Android devices aims to rule the cloud


By Sue Poremba

Sue Poremba is a freelance writer focusing primarily on security and technology issues and occasionally blogs for Rackspace Hosting.
Mobile devices and the cloud seem like a natural combination. After all, the beauty of cloud computing is the ability to access information from any computer. And the beauty of mobile devices is that all of your computing can be done from the smartphone you tuck in your pocket or the tablet carried in your purse.

Android devices are extremely popular for accessing the Internet and leveraging apps and platforms that access the Internet. According to Jonathan Dale, director of marketing for MaaS360, the convenience factor alone wins users, whether for Internet browsing, playing music, gaming, or accessing files and documents.

Accessing the cloud via Android is different from a traditional Windows PC, said Dale, but adds much of the same value. “For the most part, users are leveraging an application that provides easy access to cloud based final storage, like Dropbox or These applications also keep files synced between devices, which often include a user’s laptop,” he said.

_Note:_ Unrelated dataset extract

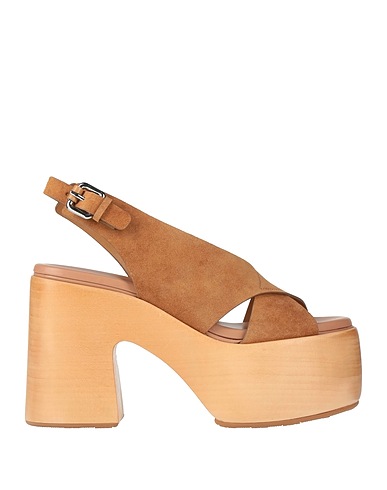 CASADEI Mules und Clogs Kamel Leder, Holz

On the enterprise front, companies are starting to invest in Mobile Device Management (MDM) technology that can provide a secure way of distributing content and accessing content from the cloud. “MDM solutions can allow the person distributing content to set sharing permissions that help restrict where files can go once accessed or downloaded to a device,” explained Dale. “If a device goes lost, stolen, or an employee leaves the company, an IT admin can remotely wipe the documents from the device.”

One of the few downfalls to using mobile devices is that sometimes you find yourself in an area where access to 3G or 4G is spotty and wireless connections are non-existent, but work can’t always come to a halt just because you can’t access your files. That’s where the marriage between the cloud and Android comes in handy.

“With an Android device, you can leverage off-line storage and cached files easily, so when the device does not have a data connection, you can still view and edit your files,” said Dale. “This is a common and necessary feature of almost all major cloud-file applications. This is especially important for business users.”

Once you have the Android device synched with the cloud, the sky’s the limit in your computing capabilities. You can back-up your devices, share photos, stream music, download sales presentations, and even edit and upload them, too. “It’s easy to access the same things on your Android devices as you can your laptop, and also enable a company’s IT staff to access critical systems, check on status alerts and perform troubleshooting steps,” Dale said.

As great a combination the cloud and mobile devices are, the ability to access and upload corporate data from any mobile device is a major concern – and a major headache for IT staff. “It’s important for companies to have policies and procedures in place to manage those devices along with the company’s critical information that will be accessed through them,” Dale pointed out. “This challenge is compounded by the BYOD trend, which continues to grow.  But with the right tools and strategy, companies can turn this challenge into an opportunity.”

Cloud computing and mobile devices are both technologies with a high upside — financially and for your customers — that’s only improving. It only makes sense that Android and the cloud go hand-in-hand.